Who is an Accredited Investor?

With an aim to boost financial innovation, SEBI has conceptualized a new class of investors. This set of investors are capable enough to appreciate the nuances of the securities market by understanding the different financial products and the risks and returns associated with them, and thus can make informed investment decisions. Accredited Investors, Qualified Investors, and Professional Investors are all terms used to describe these types of investors.

Proposed Qualification in India

According to the consultation paper, only those investors who meet certain requirements for net worth, financial assets, or profits are allowed to register as AIs. One of these three conditions must be met by an individual investor who wants to be recognized as an AI-:

  1. His/her annual earnings must be more than Rs 2 crore.
  2. Alternatively, his/her net worth must be at least Rs 7.5 crore, with at least Rs 3.75 crore in financial assets; or her annual income must be at least Rs 1 crore,
  3. His/her net worth must be at least Rs 5 crore, with at least Rs 2.5 crore in financial assets.

SEBI has also recommended an annual income of over or equal to USD 3 lakh or a net worth of over or equal to USD 1 million with not less than USD 5 lakh in financial assets for NRIs and foreign individuals and family trusts. Fulfilling the criterion would entail them obtaining an accreditation certificate from the accreditation agencies, however, specific classes of investors such as central and state government, multilateralagencies, qualified institutional buyers are not required to go through the process and would be deemed as accredited investors.

The Underlying Dilemma

While many stakeholders hail this move to introduce AI as a tailor-made regulatory solution that will aid in the introduction of complex financial products with the least amount of compliance burden, the issue with the preposition lies with the flawed presumption that the net worth is proportional or equivalent to the financial acumen of the investor. One must acknowledge and appreciate that high net worth does not promise a strong financial acumen of the investor. In other words, having a high-risk absorption capacity does not obviate the necessity of investor's understanding of the complex financial products of the market. For instance, an accredited investor could land himself in huge losses if he chooses to invest in any product without undertaking the necessary industry research on a particular financial product. With the comparative relaxation proposed by SEBI, due diligence for assessing the products has gained more importance than ever before so that they do not end up being the victims of a fraud.

The Way Out

SEBI should consider enhancing the scope of the accredited investors' definition by taking into consideration the qualifications of an individual. It is pertinent to mention that the definition of an 'accredited investor' in the USA no longer relies upon the net worth of an individual as its sole consideration. According to the new definition, the accredited investors can be:

  • Individuals holding certain professional certifications, designations, and other credentials issued by an accredited educational institution designated by the SEC from time to time by order (e.g., registeredbrokers and investment advisers).
  • Individuals who are "knowledgeable employees," as defined in Rule 3c-5(a)(4) under the Investment Company Act of 1940, of the private fund issuer of the securities being offered or sold. Such employees include, among others, an executive officer, director, trustee, general partner, advisory board member of the private fund, and an employee of the private fund or the fund's manager who has participated in investment activities in connection with his or her regular duties or functions for at least 12 months.

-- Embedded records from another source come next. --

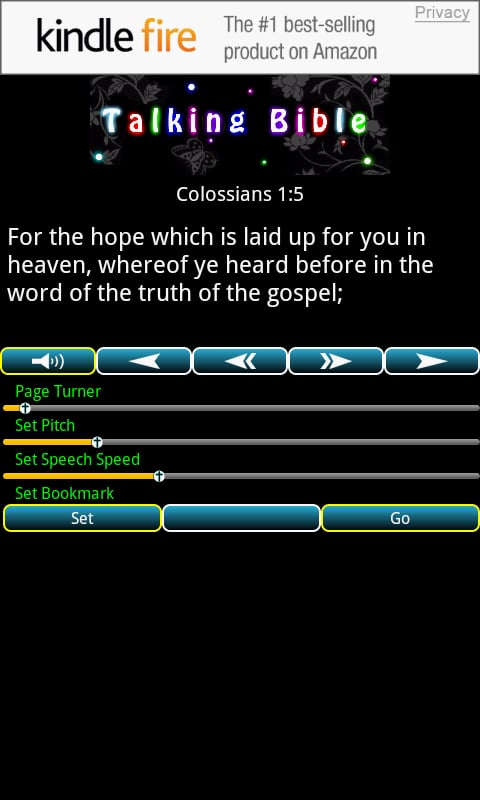 Free Talking Bible, Colo...截图3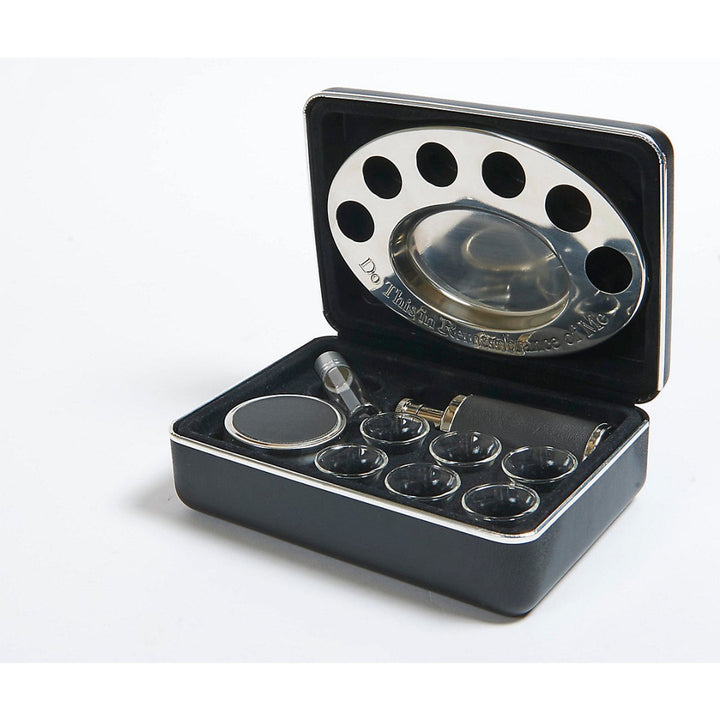 Portable Communion Sets- Legacy With Anointing Oil Bottle - Re-vived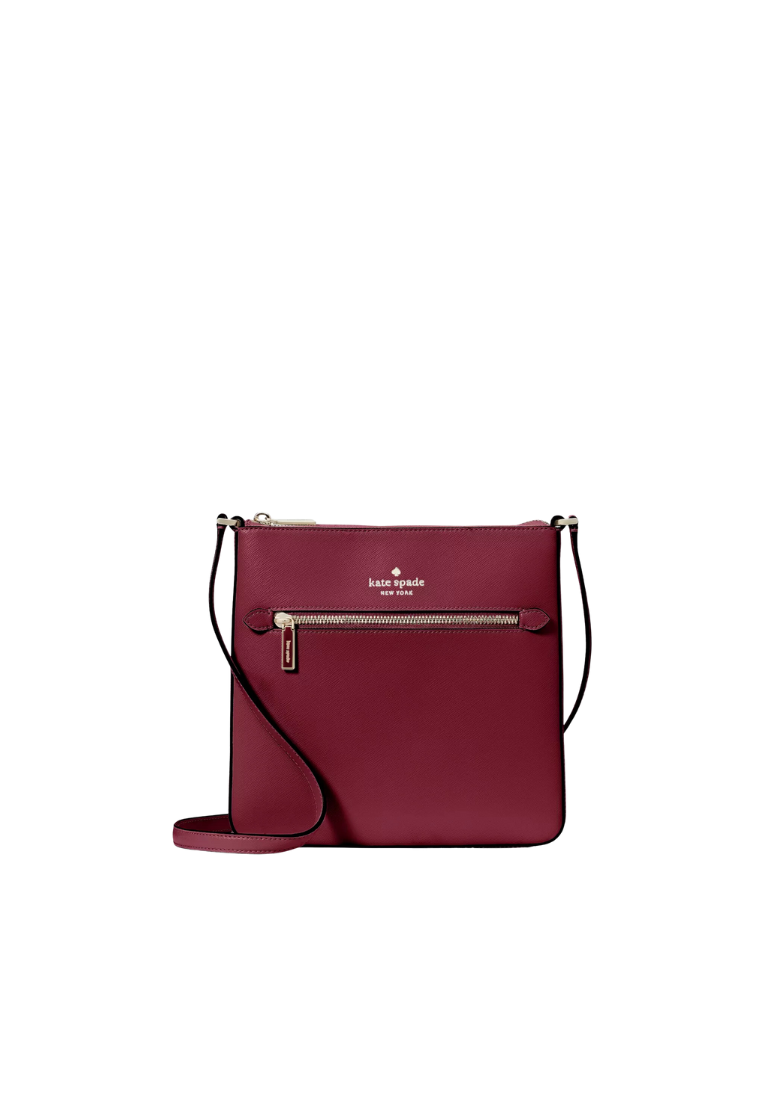 Kate Spade Sadie Large Crossbody Bag In Blackberry K7379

Thus, Securities and Exchange Commission (SEC) of USA has allowed the individuals possessing certain professional certifications, designations or credentials, or having an industry experience of at least a year to be the accredited investors. Further, United Kingdom also has qualitative criteria for classifying an "elective professional client" under the Financial Conduct Authority's (FCA) Conduct of Business Sourcebook. Any individual working in a financial sector with at least one year as a professional with knowledge of the transactions or services would be eligible for the classification if he fulfils the other required criteria.

Such types of non-monetary criteria can be introduced by SEBI for the application process of accredited investors. Individuals having "professional certifications", or any other credentials issued through any institution recognized by the SEBI, or individuals dealing in the investment activities with a considerable experience of the industry can be allowed to be accredited investors. The threshold of net worth can be reduced by the SEBI in case individuals are required to fulfil the non-monetary criteria. This would ensure the efficiency in the eligibility criteria of the accredited investors where monetary and non-monetary criteria would have equal importance in determining them.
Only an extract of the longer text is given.